It was a chilly morning in November when Olivia walked into her favorite coffee shop in Brooklyn and ordered a triple-shot of espresso. While waiting for the barista to make her drink, Olivia opened her laptop and logged on to her company's webmail interface to read a few email. Five minutes later her drink arrived, she closed her laptop, and walked off towards to subway. By the time she disembarked the train in Manhattan an attacker had compromised her email account, downloaded all of her archived mail, sold the list of recipient email addresses to buyers online, and used her email account to send several thousand pieces of spam.

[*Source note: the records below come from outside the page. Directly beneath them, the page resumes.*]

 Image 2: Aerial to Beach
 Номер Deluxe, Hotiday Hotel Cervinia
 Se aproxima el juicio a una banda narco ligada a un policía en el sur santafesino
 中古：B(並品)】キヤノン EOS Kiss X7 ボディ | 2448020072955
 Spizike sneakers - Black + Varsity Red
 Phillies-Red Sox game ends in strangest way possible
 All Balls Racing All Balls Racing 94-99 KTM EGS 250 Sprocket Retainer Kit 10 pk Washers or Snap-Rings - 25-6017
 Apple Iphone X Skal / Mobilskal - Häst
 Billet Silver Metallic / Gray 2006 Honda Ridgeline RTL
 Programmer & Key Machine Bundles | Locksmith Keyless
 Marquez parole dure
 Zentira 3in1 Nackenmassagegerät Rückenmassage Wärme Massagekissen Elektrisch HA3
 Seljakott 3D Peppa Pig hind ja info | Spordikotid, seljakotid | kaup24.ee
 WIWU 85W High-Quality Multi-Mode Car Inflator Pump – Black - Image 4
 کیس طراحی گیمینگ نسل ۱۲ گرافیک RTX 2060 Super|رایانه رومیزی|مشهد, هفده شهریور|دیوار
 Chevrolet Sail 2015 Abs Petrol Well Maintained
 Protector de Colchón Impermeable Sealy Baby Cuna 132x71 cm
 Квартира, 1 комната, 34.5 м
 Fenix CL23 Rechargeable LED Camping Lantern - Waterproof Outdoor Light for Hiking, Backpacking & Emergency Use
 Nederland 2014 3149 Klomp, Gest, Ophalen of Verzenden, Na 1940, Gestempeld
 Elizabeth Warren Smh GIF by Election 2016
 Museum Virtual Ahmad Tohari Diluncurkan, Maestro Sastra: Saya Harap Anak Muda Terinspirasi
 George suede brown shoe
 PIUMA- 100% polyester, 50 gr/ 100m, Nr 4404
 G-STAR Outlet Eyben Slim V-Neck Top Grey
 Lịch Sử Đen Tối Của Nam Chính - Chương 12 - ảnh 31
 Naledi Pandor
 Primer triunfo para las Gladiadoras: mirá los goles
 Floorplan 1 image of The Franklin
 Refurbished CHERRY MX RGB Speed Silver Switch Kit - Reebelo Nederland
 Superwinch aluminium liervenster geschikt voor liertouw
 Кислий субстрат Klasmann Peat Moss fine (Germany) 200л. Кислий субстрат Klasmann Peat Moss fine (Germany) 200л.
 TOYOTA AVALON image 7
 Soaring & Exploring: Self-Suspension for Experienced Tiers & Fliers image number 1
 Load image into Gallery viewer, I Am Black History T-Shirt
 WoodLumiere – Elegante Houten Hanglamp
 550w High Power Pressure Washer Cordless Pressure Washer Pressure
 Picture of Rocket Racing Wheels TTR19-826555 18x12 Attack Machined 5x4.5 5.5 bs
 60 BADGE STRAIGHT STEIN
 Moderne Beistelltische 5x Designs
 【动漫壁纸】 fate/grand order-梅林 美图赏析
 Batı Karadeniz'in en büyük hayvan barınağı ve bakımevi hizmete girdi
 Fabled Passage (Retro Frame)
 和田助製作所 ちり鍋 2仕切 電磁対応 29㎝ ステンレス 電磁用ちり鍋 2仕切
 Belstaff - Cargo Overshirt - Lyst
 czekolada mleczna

The above scenario is fictional, but also entirely possible. How? An attacker sitting in the coffee shop was running a WiFi pineapple in their backpack. The pineapple impersonated Olivia's home network SSID, causing her laptop to auto-connect to it's network instead of the coffee shop's router. Now posing as a man-in-the-middle, the attacker used SSLStrip and Wireshark to intercept, record, and decrypt the traffic between Olivia's laptop and the webmail server. In seconds, without Olivia noticing a thing, the attacker had her username and password.
There's numerous issues here, but what I aim to illustrate is how sending long-lived credentials over-the-wire is dangerous. Each time you transmit a re-usable credential, especially over a non-trusted network, you risk having it intercepted and used by an unauthorized party. We can never entirely eliminate risk of compromise, but if we can devise a way to transmit secrets less often, we can reduce our possibility of attack. Using asymmetric cryptography, this very thing is possible.
What is asymmetric crypto?
In symmetric (or shared-key) cryptography, both parties share a piece of data which serves an an encryption key. This key is used to both encrypt and decrypt the messages sent between the two parties. Asymmetric (or public-key) cryptography is different in that two keys are used: a public and a private key. When used for encryption, the public key is capable of encrypting data that only the private key can decrypt. For example, Party-A could distribute their public key to anyone who wants it. Party-B, now that they have Party-A's public key, can use it to encrypt a message that only Party-A can read. Along with that message Party-B includes their own public key. Party-A then uses it to encrypt their response so that only Party-B can read it.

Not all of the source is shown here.